Covered with lush rainforest, the island has been studied and protected since the 1920s. In 1923, BCI was designated a sanctuary for the study of the tropical nature of the Canal Zone, becoming one of the first biological reserves in the New World. Since then, BCI has emerged as the most intensively studied area in the tropics of the Americas and, indeed, of the world. In 1946, the Smithsonian Institution assumed the management of Barro Colorado, and it became the seed from which the Smithsonian Tropical Research Institute (STRI) would develop, beginning in 1966. Today, BCI remains STRI’s main research station. A small campus in the rainforest, the station boasts housing for up to 60 scientists, modern lab facilities, and high-speed Internet. These amenities, coupled with a lively intellectual atmosphere, attract scientists from around the globe, making the island a mecca for tropical ecologists.
![]() |
| Red-eyed tree frogs (Agalychnis calladryas) glue their egg clutches to the undersides of leaves. |
Positioned at the crossroads of two continents and two oceans, Barro Colorado is home to stunning biological diversity: 1,316 plant species, 381 bird species, and 102 mammal species have been recorded, while the number of insects is so great that it remains unknown. These thousands and thousands of different organisms, unique forms of life on Earth, each play a role in a vivid and complex web that makes the forest ecosystem function as a whole. But most of the living activity in the web goes on secretly and quietly, hidden behind a thick green curtain of vegetation or concealed by its miniature scale.

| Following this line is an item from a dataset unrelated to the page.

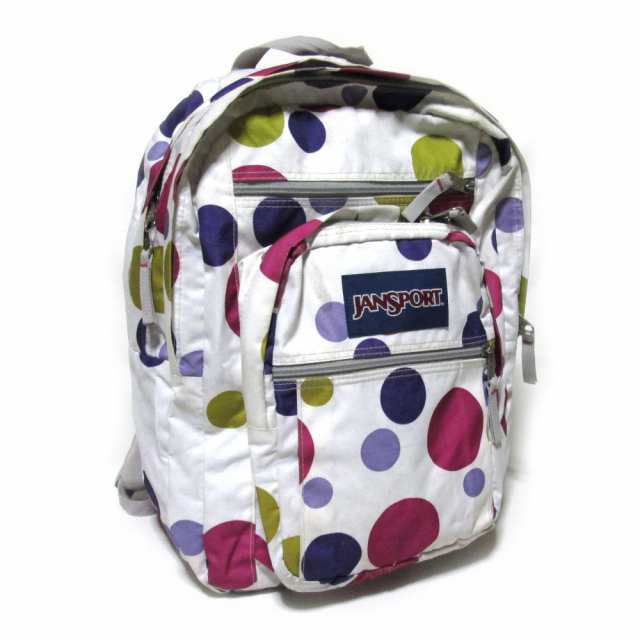 新品 JANSPORT リュックサック 未使用 ドット柄 バッグ ジャンスポーツ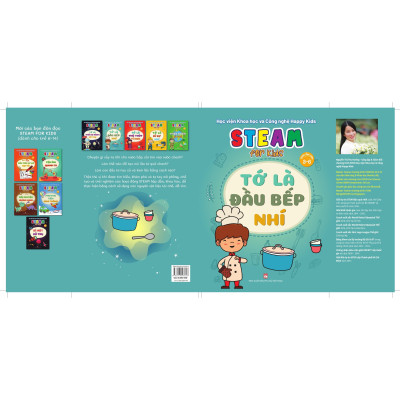 Sách - Steam For Kids - Tớ Là Đầu Bếp Nhí  - NXB Phụ Nữ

A microcosm of the web can be found in each square meter of forest leaf litter, where tens of thousands of springtails and mites feed on decaying plant matter and the fungi that grow on it, and vicious predators—large spiders or centipedes and sometimes more then a dozen species of ants—in turn feed on the arthropods. Seemingly small in scope, this so-called brown food web is essential for the cycling of nutrients in a tropical rainforest.
At a more human-size scale, mammals and other larger creatures play out their various roles as predator or prey or both. Ocelots eat sloths, for instance, and sloths eat leaves. To a plant, an animal may be a predator, and BCI is rich in leaf, seed, and fruit eaters. A bat called Artibeus jamaicensis, or the fruit vampire, is the most common bat species on BCI and loves fig fruits. But this is one of 20 bat species that dotes on fig fruits, which are available year round, and each likely has its own way to take advantage of them. Larger bats eat larger fruits, for instance. Such a diverse set of fruit-eaters—and there are other species that feast on figs as well—is not possible in a temperate zone, where fruit is seasonally available, accounting in part for the tropics’ greater species diversity.
![]() |
| The common fruit bat (Artibeus jamaicensis), shown here eating a fig, is the most common bat on Barro Colorado Island. |
With diverse and abundant predators, prey have evolved amazing defenses. Katydids in the genus Mimetica—for mimic—exhibit near-perfect camouflage. Their color, shape, and texture imitate the leaves they rest on with incredible precision. But katydids are not just concealment artists. Some of them are specialized herbivores that prey on a single species or genus of plants. Specialized herbivorous insects help maintain tree diversity by preventing any given plant species from reaching high densities. On the other hand, the wide dispersion of the members of the tree species helps trees to hide from their specialized predators.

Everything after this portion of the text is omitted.